Gabriel Espinosa started his musical path back in 1976. Later, he went to Berklee in the early '80s, then moved on to the University of North Texas, where he snagged a master's in jazz studies in '95. What you hear in this album is the work of an artist surrounded by all sorts of musical traditions. That richness shows up in the way these pieces are built and the detail in the arrangements. It doesn't feel like Espinosa is chasing after a particular style. This sounds more like the result of years, really, a lifetime, devoted to music, a devotion sparked way back in the '60s when Antônio Carlos Jobim, João Gilberto, and Sérgio Mendes were shaking up the jazz world.
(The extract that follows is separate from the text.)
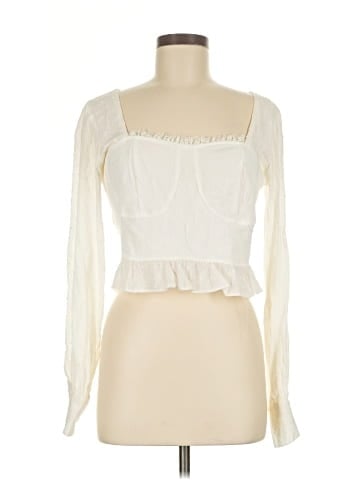 Nasty Gal Inc. Long Sleeve Blouse (view 1)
Growing up in Mexico, Espinosa was surrounded by boleros and The Beatles, both everywhere, both shaping the soundscape. He stumbled onto bossa nova, and it hit him like a revelation: melodic elegance and rhythmic finesse, all rolled into one. That style became part of him, sticking with him through Berklee, North Texas, and eventually Iowa. On this eighth solo album, Espinosa does something different, he puts down his bass and lets his composing do the talking. It's a gutsy move, and, for the most part, it pays off.

What you get is less a performer's showcase and more a storyteller's canvas. Espinosa weaves these intricate musical scenes, blending influences from every corner of his life. It's personal and broad at the same time, almost like childhood memories refracted through adult perspective. "Euro12" jumps between jazz, classical touches, and rhythms that feel global, never staying in one place for long. Then there's "River Paths," all melody and fluid movement, its arrangement growing quietly richer with each minute.

The Brazilian Project pulls you in with one of its best features, it flies by. That's not a downside, honestly. The pace speaks to the album's narrative unity. Every track feels like a chapter in a bigger story, each with its own character, its own emotional arc. The album was recorded in Rio de Janeiro, with help from the Tallinn Studio Orchestra, and the sound is warm, elegant, and rhythmically alive. Listen closely and you'll catch the subtle details, a brass line answering a piano phrase, rhythms shifting just under the melody.

There are spots, though, where the arrangements get a bit crowded, almost too ambitious. Sometimes you wish for a little more space, just enough for the ideas to settle and breathe. But these moments also highlight the scope of Espinosa's vision. He'd rather push too far than play it safe.

Overall, it's a joyful marker in Espinosa's long career, a cross-cultural project that pays respect to traditions without letting them box him in. It's contemporary, but you can tell it's got its own voice. And by the way, Espinosa debuted a new project at the Jazz Education Network Conference in New Orleans in January 2020, Bossas & Boleros, and brought it back in summer 2023. The lineup of guest artists is impressive: Kim Nazarian, Fred Hersch, Misha Tsiganov, Mauricio Zottarelli, Anat Cohen, The New York Voices, Aviana Gedler, Gerardo Flores, and others. Their involvement shows just how respected Espinosa is, and how vast his vision really goes.

In the end, The Brazilian Project does the opposite of what its cover and title might hint at. This album thrives on surprise; every track brings something different. The brass sections are handled beautifully, sometimes stealing the spotlight and giving the music vivid Latin energy. And overall, the music just doesn't fit neatly into any box; styles drift in and out, making the whole thing feel like one big, open landscape.

Best advice? Go in with an open mind. Let the album reveal itself. What you'll find is a collection that's bright yet nuanced, intellectually engaging but also really direct emotionally. It doesn't hang around because of flashy moments; it sticks with you thanks to the persistence of its ideas. It's like sunlight stretching across the sky at the end of the day: slow, steady, full of hidden details that show themselves every time you come back for another listen.